Fünf Spiele, fünf Siege, Sturm Graz hat gerade den besten Saisonstart der Klubgeschichte hingelegt. Wie halten Sie Ihre Spieler auf dem Boden?

Franco Foda: Ich glaube, meine Spieler sind sehr bodenständig. Sie wissen: Das ist eine Momentaufnahme, der Fußball lebt nicht in der Vergangenheit, man muss sich tagtäglich neu beweisen.

Alle Siege gelangen mit einem Tor Unterschied, in jeder Partie hat Ihre Mannschaft zumindest ein Gegentor kassiert. Wenn man ein Haar in der Suppe finden möchte – ist es die noch unerfahrene Defensive?

Nein. Die Defensivarbeit beginnt ja schon bei den Angreifern.

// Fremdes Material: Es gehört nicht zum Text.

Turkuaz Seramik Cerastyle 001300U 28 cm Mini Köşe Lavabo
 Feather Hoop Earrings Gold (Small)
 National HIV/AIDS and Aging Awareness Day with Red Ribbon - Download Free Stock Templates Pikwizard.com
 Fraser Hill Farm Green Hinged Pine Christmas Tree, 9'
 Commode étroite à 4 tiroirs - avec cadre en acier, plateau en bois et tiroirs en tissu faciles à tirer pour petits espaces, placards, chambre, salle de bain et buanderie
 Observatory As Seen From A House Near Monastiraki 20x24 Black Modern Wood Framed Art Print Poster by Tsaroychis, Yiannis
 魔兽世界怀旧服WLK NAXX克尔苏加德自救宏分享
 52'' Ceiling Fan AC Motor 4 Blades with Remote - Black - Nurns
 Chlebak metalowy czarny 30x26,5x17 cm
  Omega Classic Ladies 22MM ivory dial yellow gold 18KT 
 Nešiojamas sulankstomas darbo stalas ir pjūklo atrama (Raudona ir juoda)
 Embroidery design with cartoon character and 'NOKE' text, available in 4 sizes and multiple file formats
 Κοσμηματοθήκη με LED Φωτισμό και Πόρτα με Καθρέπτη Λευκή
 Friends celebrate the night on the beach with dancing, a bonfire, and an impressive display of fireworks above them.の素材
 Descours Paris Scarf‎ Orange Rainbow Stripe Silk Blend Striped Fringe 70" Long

Wir haben im Prinzip von Beginn an mit nur einem gelernten Innenverteidiger gespielt, mit Dario Maresic (17 Jahre alt, Anm.). Wir mussten wegen der vielen Ausfälle kompensieren und umbauen, da haben wir gute Lösungen gefunden, das System etwas verändert. Wenn wir alle Spiele mit einem Tor Unterschied gewinnen, ist es mir eigentlich egal, wie viele Gegentore wir bekommen.

Die Dreierkette ist also nur eine Notlösung?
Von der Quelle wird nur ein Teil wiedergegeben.